Zawsze obawiam się takich kosmetyków 2 w 1, 3 w 1 i 50 w 1. Przy zakupie tego balsamu nastawiłam się na stosowanie go na skórę ciała, ale okazało się, że w tym wypadku 2 w 1 się sprawdza i również dłonie są zadowolone. Nie jest to kosmetyk, który zaspokaja w 100% potrzeby mojej skóry w każdym momencie, ale gdy jest w lepszej kondycji, to jest wystarczająco dobry. Moja przesuszająca się skóra jest często bardzo wybredna i lubi strzelać focha.
- OPAKOWANIE: biała, plastikowa butelka wyposażona w niezawodną pompkę, która działa bez zarzutu to wygodne rozwiązanie, ale do czasu. Jako osoba przyzwyczajona do faktu, że gdy kosmetyk umieszczony w środku już powoli się kończy i trzeba takie opakowanie rozcinać, bo pompka już nie domaga, nie narzekam. Już tak mam, że z góry wiem jak będzie to wyglądać i stawiam w tym przypadku na postawę konformistyczną. A tak bardziej praktycznie, to pompka nie zacina się i nie zatyka, naciśnięta powoli wydobywa odpowiednią ilość kosmetyku, jaką potrzebuję i mogę to kontrolować.
Grafika występująca na produktach marki Yope jest charakterystyczna i znana już większości, która choć trochę siedzi w kosmetycznym świecie. Wymyślne stworzenia „uczłowieczone” przez elementy garderoby, w tym wypadku ptasior z muchą pod szyją i melonikiem na głowie oraz kwiatem trzymanym w skrzydle udającym rękę cieszy oko. Poza pomysłowym podejściem do strony wizualnej mamy też rozsądnie umieszczone, czytelne napisy i wszelkie informacje o produkcie łącznie z jego działaniem i składem.
- KONSYSTENCJA: balsam posiada lekką, nieco lejącą się konsystencję w typie mleczka, ale w trakcie aplikacji czuć, że w skład jest bogatszy przez zawarte w preparacie masła i olejki. Troszkę bieli, ale efekt ten znika w trakcie masażu tak samo jak tłustawa warstwa, która przez chwilę utrzymuje się na powierzchni skóry, ale po dłuższej chwili jest niewyczuwalna i nie powoduje dyskomfortu w postaci lepkości czy nielubianej przeze mnie śliskości. Jednym słowem, balsam potrzebuje chwili by się wchłonąć.

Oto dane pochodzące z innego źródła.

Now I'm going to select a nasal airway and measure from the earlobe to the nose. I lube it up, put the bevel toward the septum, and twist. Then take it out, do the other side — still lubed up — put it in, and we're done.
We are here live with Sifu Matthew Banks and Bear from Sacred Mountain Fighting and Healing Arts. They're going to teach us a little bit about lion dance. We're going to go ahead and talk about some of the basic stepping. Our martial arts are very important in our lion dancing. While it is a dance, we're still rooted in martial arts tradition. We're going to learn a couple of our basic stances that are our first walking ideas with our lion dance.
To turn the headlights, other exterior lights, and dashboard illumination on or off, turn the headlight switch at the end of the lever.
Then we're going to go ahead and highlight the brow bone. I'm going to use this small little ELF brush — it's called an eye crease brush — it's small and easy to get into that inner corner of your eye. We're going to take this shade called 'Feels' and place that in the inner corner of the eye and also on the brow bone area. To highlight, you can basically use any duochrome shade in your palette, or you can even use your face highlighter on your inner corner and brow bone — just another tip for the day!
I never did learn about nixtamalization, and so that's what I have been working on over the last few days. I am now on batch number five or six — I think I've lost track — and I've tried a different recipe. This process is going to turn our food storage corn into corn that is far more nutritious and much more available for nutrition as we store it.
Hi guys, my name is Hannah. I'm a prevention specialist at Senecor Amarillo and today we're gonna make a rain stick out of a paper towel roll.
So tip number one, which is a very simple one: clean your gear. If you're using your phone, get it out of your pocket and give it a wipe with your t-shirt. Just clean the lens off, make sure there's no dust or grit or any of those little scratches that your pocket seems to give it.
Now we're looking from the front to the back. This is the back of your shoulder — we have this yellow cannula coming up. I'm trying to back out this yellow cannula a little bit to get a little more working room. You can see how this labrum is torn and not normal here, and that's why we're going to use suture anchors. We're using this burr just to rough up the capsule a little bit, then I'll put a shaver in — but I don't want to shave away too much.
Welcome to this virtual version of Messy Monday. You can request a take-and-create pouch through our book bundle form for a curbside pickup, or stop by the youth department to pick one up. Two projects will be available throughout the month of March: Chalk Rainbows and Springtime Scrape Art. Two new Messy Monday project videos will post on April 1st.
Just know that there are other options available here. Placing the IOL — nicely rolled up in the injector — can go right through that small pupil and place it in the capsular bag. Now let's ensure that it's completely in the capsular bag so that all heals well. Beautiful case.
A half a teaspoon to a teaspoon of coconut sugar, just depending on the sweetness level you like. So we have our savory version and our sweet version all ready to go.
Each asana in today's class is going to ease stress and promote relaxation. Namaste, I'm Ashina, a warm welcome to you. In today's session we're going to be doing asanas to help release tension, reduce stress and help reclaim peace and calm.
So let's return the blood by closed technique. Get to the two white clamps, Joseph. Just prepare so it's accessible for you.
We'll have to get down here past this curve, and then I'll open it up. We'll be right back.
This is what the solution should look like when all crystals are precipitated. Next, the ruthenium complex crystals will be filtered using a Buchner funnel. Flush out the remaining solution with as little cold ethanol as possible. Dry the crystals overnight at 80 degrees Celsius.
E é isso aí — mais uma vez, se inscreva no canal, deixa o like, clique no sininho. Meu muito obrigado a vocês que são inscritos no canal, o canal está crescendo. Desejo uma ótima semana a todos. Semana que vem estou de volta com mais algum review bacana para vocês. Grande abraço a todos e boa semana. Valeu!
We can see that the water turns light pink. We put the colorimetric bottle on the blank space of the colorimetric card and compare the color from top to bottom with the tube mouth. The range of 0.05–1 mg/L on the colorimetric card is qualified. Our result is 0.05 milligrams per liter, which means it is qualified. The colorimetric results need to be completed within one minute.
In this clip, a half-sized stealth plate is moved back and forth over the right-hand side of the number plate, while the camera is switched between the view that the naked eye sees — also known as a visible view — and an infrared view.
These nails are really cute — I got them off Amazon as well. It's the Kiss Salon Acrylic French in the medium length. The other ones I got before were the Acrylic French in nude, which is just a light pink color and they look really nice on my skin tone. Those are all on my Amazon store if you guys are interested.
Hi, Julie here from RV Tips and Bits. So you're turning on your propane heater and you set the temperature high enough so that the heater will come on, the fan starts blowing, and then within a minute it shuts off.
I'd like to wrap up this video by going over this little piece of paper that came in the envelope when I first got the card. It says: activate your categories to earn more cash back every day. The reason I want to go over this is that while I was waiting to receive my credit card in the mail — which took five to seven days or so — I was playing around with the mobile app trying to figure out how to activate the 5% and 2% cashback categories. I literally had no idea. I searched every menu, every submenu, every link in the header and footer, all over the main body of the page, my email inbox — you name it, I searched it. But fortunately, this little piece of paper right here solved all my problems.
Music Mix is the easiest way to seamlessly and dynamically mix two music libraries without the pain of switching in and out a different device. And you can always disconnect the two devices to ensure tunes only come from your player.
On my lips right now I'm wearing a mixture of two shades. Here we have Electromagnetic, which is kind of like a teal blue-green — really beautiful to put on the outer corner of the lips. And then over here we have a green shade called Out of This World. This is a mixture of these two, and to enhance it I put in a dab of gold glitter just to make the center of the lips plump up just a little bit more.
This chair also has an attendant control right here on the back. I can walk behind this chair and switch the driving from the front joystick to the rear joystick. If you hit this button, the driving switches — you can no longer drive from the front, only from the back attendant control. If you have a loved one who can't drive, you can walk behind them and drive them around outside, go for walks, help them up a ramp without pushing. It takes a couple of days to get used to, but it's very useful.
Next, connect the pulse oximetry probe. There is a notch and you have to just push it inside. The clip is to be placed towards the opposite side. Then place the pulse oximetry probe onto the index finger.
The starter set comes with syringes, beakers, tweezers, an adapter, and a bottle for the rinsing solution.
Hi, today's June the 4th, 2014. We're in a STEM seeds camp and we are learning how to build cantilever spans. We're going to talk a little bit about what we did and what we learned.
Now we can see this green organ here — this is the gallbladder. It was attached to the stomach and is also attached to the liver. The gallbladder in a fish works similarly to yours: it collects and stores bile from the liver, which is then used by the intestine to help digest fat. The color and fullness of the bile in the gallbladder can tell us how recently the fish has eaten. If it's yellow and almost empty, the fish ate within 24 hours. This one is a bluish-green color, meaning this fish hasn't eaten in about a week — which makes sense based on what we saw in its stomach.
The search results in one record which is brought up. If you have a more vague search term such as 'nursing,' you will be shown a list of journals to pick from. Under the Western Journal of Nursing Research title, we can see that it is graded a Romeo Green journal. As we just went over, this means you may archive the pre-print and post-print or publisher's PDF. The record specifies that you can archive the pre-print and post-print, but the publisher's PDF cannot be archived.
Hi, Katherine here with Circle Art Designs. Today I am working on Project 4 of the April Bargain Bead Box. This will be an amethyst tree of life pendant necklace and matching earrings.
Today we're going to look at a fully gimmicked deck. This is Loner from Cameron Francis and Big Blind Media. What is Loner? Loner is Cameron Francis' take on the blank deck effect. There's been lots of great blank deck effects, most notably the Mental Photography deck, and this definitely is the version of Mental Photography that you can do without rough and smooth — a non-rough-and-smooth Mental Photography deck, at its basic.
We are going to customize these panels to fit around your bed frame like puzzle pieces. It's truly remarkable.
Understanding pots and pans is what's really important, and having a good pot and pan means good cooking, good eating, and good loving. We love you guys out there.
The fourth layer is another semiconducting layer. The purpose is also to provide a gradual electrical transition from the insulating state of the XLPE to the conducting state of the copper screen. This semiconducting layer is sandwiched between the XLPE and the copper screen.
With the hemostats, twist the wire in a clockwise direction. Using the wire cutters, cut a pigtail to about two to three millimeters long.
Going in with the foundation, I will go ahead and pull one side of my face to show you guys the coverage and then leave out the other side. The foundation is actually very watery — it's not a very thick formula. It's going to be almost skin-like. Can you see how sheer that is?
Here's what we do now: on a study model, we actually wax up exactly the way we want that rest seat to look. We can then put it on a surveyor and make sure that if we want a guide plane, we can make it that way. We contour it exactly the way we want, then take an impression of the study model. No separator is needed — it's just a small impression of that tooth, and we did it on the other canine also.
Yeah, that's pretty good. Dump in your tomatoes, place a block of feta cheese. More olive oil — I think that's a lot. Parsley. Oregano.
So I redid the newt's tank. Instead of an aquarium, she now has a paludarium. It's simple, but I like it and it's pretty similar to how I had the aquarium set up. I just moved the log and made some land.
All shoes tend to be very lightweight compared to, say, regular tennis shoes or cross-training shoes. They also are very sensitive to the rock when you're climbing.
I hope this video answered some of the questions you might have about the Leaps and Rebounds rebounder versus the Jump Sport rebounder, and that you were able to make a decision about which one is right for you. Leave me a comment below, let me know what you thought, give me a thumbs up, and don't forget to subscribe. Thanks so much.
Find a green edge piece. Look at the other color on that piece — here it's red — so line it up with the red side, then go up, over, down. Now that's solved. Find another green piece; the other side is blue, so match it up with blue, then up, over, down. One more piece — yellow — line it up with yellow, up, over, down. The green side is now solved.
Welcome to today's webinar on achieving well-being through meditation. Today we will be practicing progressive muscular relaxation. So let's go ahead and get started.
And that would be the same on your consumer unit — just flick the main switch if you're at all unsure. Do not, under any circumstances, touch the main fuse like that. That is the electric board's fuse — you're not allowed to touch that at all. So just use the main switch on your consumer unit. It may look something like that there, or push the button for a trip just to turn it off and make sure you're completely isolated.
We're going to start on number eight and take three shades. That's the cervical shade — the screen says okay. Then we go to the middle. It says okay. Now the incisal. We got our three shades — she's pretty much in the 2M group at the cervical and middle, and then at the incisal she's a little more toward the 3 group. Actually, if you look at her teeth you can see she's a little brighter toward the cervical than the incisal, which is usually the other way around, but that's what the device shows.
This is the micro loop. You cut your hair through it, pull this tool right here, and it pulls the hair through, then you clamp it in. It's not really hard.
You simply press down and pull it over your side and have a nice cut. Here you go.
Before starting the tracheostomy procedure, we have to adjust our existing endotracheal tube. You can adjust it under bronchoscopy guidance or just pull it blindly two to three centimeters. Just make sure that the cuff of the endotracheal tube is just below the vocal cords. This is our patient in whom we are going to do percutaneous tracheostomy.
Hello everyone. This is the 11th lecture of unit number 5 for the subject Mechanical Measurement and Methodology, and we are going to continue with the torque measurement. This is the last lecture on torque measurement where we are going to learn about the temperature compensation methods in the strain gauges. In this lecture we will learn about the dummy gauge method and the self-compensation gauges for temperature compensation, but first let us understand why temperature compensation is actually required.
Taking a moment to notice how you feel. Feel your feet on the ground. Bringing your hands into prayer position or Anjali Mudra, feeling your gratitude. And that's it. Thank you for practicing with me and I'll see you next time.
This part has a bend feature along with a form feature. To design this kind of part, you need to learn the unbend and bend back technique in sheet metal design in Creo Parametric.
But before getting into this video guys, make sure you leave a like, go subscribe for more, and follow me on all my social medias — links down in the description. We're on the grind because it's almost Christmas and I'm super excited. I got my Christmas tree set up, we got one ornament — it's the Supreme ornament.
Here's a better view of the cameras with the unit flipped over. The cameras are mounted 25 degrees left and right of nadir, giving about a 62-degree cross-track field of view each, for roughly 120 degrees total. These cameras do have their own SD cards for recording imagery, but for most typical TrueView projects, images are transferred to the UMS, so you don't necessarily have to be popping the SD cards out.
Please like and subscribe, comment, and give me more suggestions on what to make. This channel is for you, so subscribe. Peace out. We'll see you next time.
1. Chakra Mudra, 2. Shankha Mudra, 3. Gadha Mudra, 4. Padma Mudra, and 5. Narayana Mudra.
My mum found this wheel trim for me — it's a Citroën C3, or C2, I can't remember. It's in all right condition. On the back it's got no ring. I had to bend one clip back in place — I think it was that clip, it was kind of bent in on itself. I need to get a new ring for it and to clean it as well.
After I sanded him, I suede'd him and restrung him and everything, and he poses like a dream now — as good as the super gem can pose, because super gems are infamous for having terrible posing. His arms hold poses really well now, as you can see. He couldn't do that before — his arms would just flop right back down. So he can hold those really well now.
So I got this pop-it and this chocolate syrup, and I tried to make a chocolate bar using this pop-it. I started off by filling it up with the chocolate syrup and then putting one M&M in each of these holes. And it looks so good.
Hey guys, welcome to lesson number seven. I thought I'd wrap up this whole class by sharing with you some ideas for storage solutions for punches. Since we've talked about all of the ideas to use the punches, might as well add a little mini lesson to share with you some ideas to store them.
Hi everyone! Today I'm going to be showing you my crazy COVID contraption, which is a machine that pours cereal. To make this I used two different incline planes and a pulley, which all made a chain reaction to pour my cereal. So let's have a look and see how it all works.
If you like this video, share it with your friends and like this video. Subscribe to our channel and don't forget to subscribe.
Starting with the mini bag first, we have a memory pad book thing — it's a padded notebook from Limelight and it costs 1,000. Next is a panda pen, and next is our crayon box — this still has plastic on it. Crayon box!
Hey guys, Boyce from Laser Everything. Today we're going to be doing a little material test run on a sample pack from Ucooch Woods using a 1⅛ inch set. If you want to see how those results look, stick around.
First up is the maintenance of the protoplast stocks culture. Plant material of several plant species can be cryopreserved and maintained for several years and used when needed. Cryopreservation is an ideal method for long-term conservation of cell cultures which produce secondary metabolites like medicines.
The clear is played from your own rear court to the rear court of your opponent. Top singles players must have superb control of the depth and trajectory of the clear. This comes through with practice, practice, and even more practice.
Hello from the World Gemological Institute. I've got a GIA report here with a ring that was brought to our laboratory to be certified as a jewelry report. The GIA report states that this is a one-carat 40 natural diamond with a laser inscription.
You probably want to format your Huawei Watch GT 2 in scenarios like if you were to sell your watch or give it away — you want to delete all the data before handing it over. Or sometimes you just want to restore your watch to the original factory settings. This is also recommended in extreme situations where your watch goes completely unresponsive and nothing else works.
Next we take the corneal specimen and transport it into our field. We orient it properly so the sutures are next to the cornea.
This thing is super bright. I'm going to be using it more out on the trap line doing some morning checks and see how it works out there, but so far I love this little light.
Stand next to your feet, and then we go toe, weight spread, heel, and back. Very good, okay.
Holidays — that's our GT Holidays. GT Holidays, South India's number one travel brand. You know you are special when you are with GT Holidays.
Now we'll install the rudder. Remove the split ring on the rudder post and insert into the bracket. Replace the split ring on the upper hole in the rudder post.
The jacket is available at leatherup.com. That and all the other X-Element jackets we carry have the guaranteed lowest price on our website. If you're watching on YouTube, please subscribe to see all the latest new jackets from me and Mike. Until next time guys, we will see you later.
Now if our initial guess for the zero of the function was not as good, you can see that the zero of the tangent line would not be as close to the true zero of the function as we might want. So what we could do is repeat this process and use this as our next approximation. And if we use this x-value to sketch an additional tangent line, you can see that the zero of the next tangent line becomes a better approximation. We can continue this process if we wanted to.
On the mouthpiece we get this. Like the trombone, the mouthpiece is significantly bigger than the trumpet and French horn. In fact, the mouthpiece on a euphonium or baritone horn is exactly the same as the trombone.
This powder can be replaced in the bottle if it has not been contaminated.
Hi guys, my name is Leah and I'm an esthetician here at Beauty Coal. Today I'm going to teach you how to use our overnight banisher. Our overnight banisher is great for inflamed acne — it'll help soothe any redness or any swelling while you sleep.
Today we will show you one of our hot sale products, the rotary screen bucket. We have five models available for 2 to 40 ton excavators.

- ZAPACH: na pewno brak tu intensywności, która potrafi zmęczyć, a to plus. Kosmetyk pachnie słodkawo i aromat przypomina troszkę figowe nuty. Jest wyczuwalny w trakcie aplikacji i krótką chwilę po niej.
- DZIAŁANIE: jak już wcześniej zaznaczyłam, stosuję balsam i do ciała, i do dłoni i w każdym z tych przypadków efekty są takie same. Kosmetyk pozostawia skórę optymalnie nawilżoną, ukojoną, znika uczucie napięcia naskórka i szorstkości. Skóra jest miękka, wygładzona, elastyczna i przyjemnie sprężysta.
Gdy moja cierpiąca na przesuszenie skóra jest w nieco lepszej kondycji, to balsam ten jest dla mnie wystarczający. Ale gdy jej stan się pogarsza, wtedy po mniej więcej godzinie muszę dokładać warstwę kosmetyku, który zawsze mam przy sobie i jest w takich momentach niezawodny. Najczęściej cierpią łydki i uda i tu muszę się ratować. Ten problem nie występuje na dłoniach, ale też gdy już sięgam po kosmetyk Yope by nałożyć go na to miejsce, robię to wciągu dnia – traktuję go jako dzienniak i w tej roli dobrze się sprawdza.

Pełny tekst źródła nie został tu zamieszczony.